Sekolah pada hari tersebut diliburkan dan proses pembelajaran dialihkan secara daring atau pembelajaran jarak jauh (PJJ).

Budi mengatakan kebijakan itu merupakan bagian dari upaya pemerintah mengurangi risiko kesehatan akibat paparan debu vulkanik.

“Sekolah hari ini kita liburkan, belajar lewat daring. Semoga upaya Pemerintah Kota Serang untuk memperkecil risiko penyakit dari debu yang masuk ke paru-paru,” jelasnya.

Namun, kebijakan PJJ belum dipastikan akan diperpanjang. Budi masih menunggu perkembangan kondisi erupsi berdasarkan informasi dari BMKG sebelum menentukan langkah berikutnya.

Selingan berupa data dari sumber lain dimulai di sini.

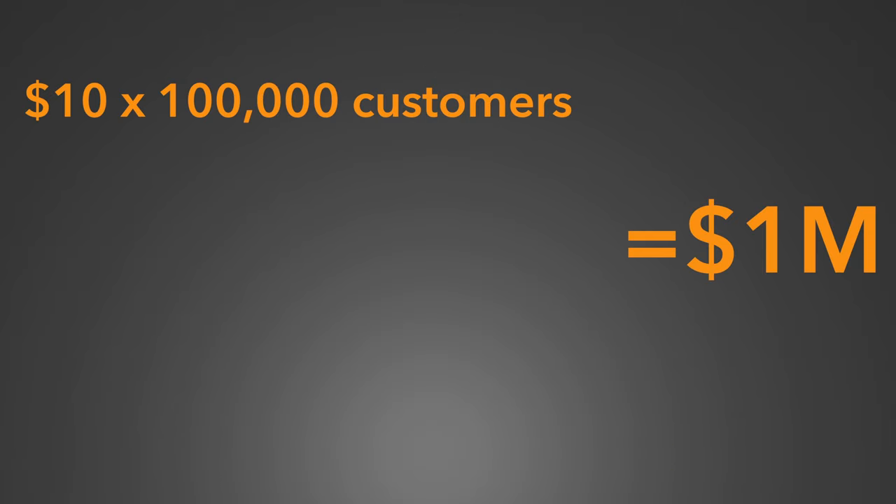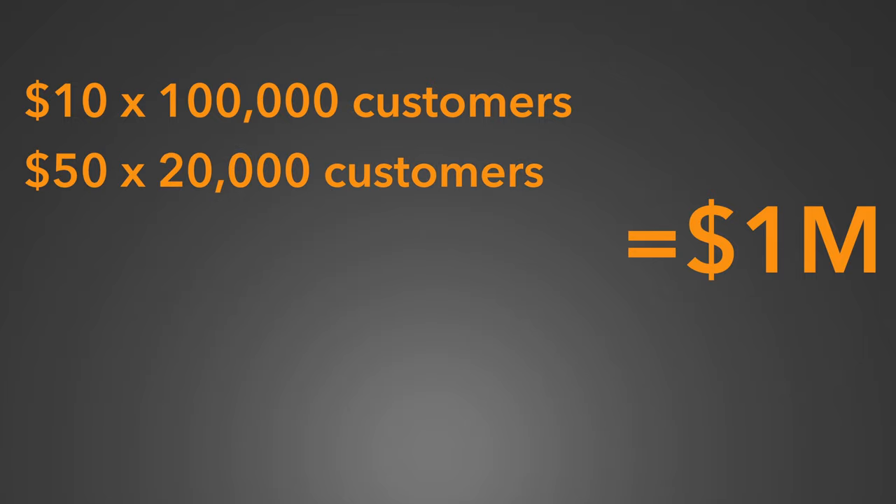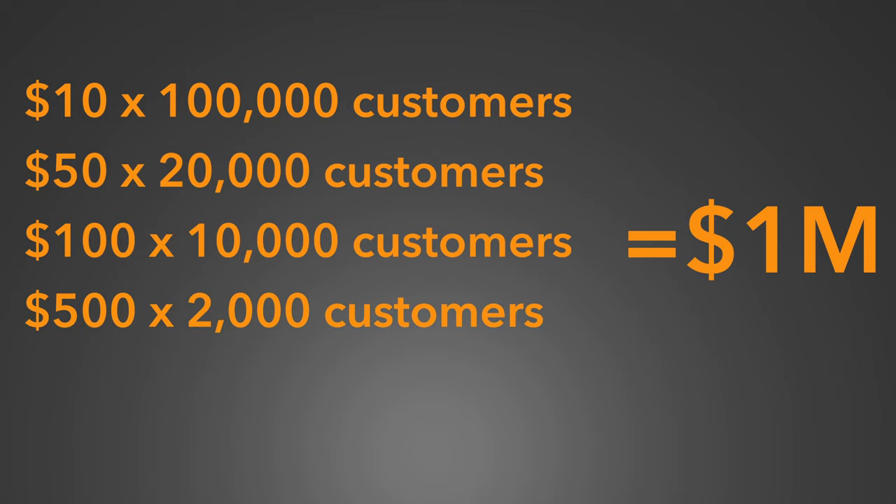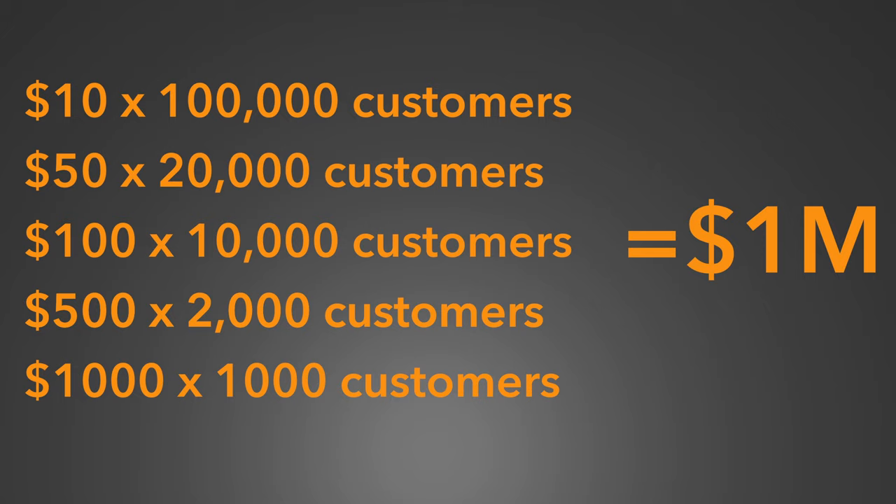Let's look at the math. From my experience, $50 to $200 is a pretty good range for your products and services. To get someone to pay you $50 isn't very difficult, and to get someone to pay you $200 is a little bit more difficult, but it's still pretty doable.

“Kita lihat dulu situasi dari BMKG, keadaan awan dari erupsi tersebut, apakah menurun atau tidak, baik dari gunung maupun udaranya,” ujarnya.

Tim Pemkot Serang akan memberikan laporan perkembangan kondisi erupsi kepada Budi pada sore hari. 

Laporan tersebut akan menjadi bahan pertimbangan untuk menentukan kebijakan selanjutnya.

“Nanti kita lihat laporan sore dari tim di Pemkot Serang terkait erupsi gunung berapi. Baru nanti saya putuskan,” lanjutnya.

Untuk aktivitas ASN, Budi belum menerapkan kebijakan bekerja dari rumah atau work from home (WFH). Namun, kegiatan upacara pada hari tersebut ditiadakan.

“ASN juga enggak boleh upacara sama saya hari ini,” katanya.

Sementara itu, Pemkot Serang memastikan warga yang belum mendapatkan masker di apotek dapat memperoleh bantuan secara gratis. 

Budi kembali mengajak jajarannya membagikan masker kepada masyarakat.

“Yang enggak kebagian, kita upaya memberikan secara gratis. Masker gratis," pungkasnya.

Kota Serang terdiri dari 6 kecamatan dan 67 kelurahan.